- Developer: Texas Instruments
- Publisher: Texas Instruments
- Designer: Kevin Kenney
- Composer: Hank Mishkoff
- Platform: TI-99/4A
- Release: December 31, 1982
- Genre: Role-playing

= Tunnels of Doom =

1982 video game

Tunnels of Doom is a role-playing video game programmed by Kevin Kenney for the TI-99/4A home computer and published by Texas Instruments on December 31, 1982. It was available in two formats: cartridge with accompanying disk and cartridge with cassette.

Based loosely on the tabletop role-playing game Dungeons & Dragons, it is a dungeon crawl in which players control the fates of 1–4 characters as they navigate a maze of tunnels. Texas Instruments used the game in its marketing, citing it as entertainment software involving "strategy and logic".

==Gameplay==
The game has four character classes: hero, fighter, rogue, and wizard. The "hero" class is only available in a single character game.

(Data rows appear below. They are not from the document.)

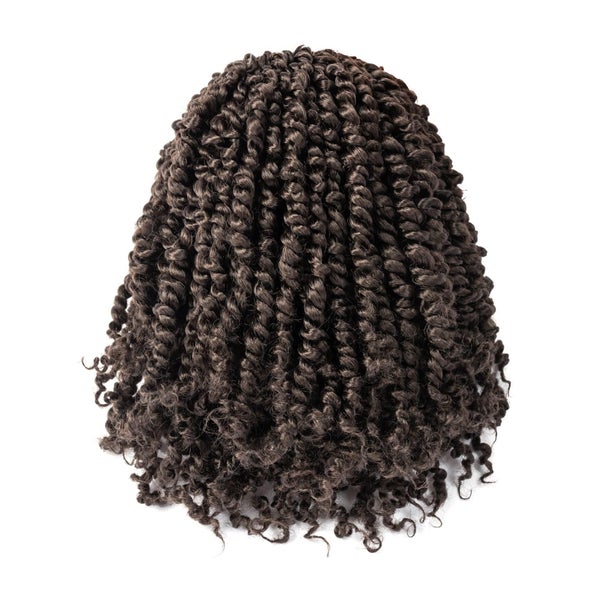 Hair Extension Passion Twist Pretwisted 25.4cm-10 Zoll (8er 1 St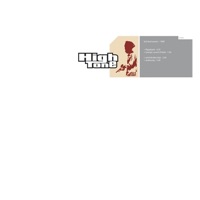 High Tone - Antivitrolles Dub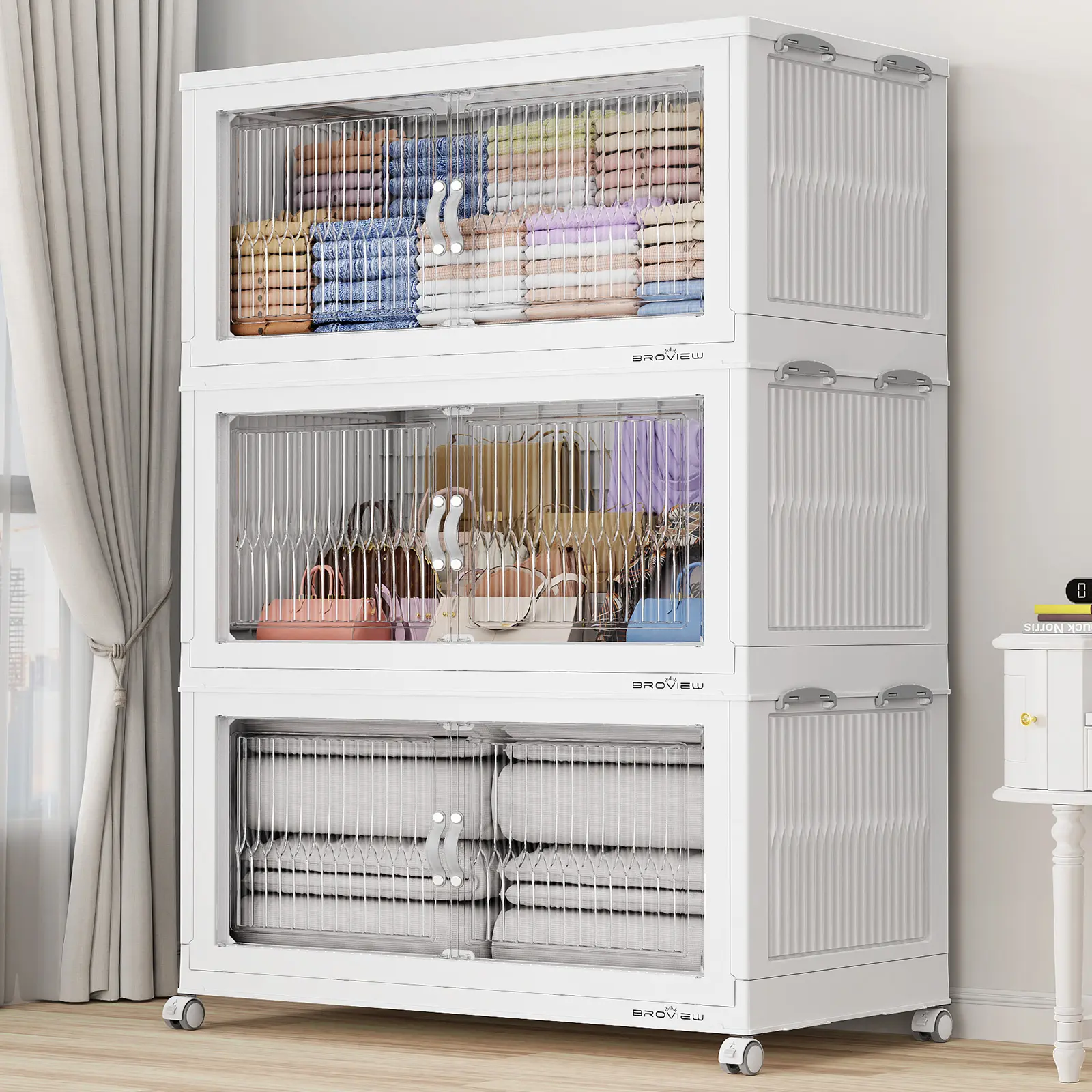 White 600Qt-3Pack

Upon encountering an enemy, the game transitions to a separate, graphical, overhead battle screen, where a tactical turn-based combat system is used that allows for movement and positioning. It's possible to listen at doors for sounds of monsters, which can be negotiated with in combat as well.

==Legacy==
In 2008, Howard Kistler of DreamCodex developed a revised version of the game with the permission of Kevin Kenney.